In the following blog post I will introduce the R package demdebates2020 which will be updated to include data from all Democratic debates as they are held. Further, I will present some possible use-cases and an exploratory analysis of the debates.

Start

First, I load in some packages.

# Install these packages if you don't have them yet
# if (!require("pacman")) install.packages("pacman")
# devtools::install_github("favstats/demdebates2020")

pacman::p_load(tidyverse,       # powerful data wrangling
               knitr,           # for tables
               extrafont,       # extra fonts
               ggtext,          # markdown in ggplot!
               rvest,           # for emoji scraping 
               tidytext,        # text processing
               demdebates2020,  # democratic debates datasets
               ggthemes,        # custom themes
               scales)          # for prettying up plot labels

To liven things up (and as a personal learning experience) I will use the great ggtext package and include some emojis in the graphs to come.

I will now present the main dataset: debates. This dataset represents the spoken words of all Democratic candidates for US president at eight Democratic debates. The following sources have been used to compile the data: Washington Post, Des Moines Register and rev.com.

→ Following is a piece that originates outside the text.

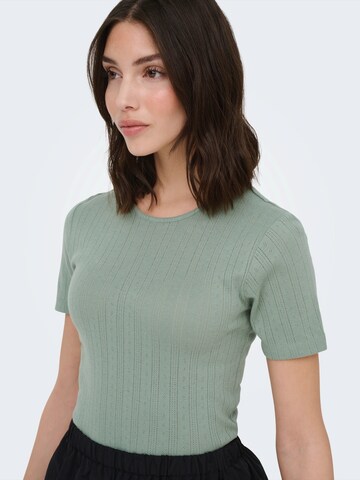 Tricou de la JDY pe verde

The dataset has the following eight columns:

speaker: Who is speaking
background: Reactions from the audience, includes (APPLAUSE) or (LAUGHTER)
- only availabe for the first seven debates
speech: Transcribed speech
type: Candidate, Moderator or Protester
gender: The gender of the person speaking
debate: Which debate
day: Which day of the debate
- first and second debate were held on two separate days
order: The order in which the speech acts were delivered

There are two ways in which you can access the dataset.

Read .csv file directly from GitHub

debates_url <- "https://raw.githubusercontent.com/favstats/demdebates2020/master/data/debates.csv"

debates <- readr::read_csv(debates_url)

Install and load the R package like this:

devtools::install_github("favstats/demdebates2020")

library(demdebates2020)

This is how the dataset looks like:

demdebates2020::debates %>% 
  dplyr::slice(1502:1510) %>% 
  knitr::kable()

If you want to explore applause or laughter that candidates received, then you can take a look at the background variable.

Note: as of now, backgound is only available for Democratic debates 1 through 7. I couldn't find a transcript source that recorded applause or laughter for the 8th debate. If you have a source, please feel free to contact me and I am happy to add it!

Who received the most applause?

We can use the background variable to see who received the most applause.

## check out who received Applause
debates %>% 
  filter(background == "(APPLAUSE)") %>% 
  dplyr::count(speaker, sort = T) %>% 
  slice(1:10) %>% 
  knitr::kable()

Looks like Bernie Sanders received the most applause.

We can also create a data visualization to better emphasize the differences.

As mentioned before I will use emojis in the graphs to liven things up. In order to so, I use two functions from the great blogpost Real emojis in ggplot2 by Emil Hvitfeldt.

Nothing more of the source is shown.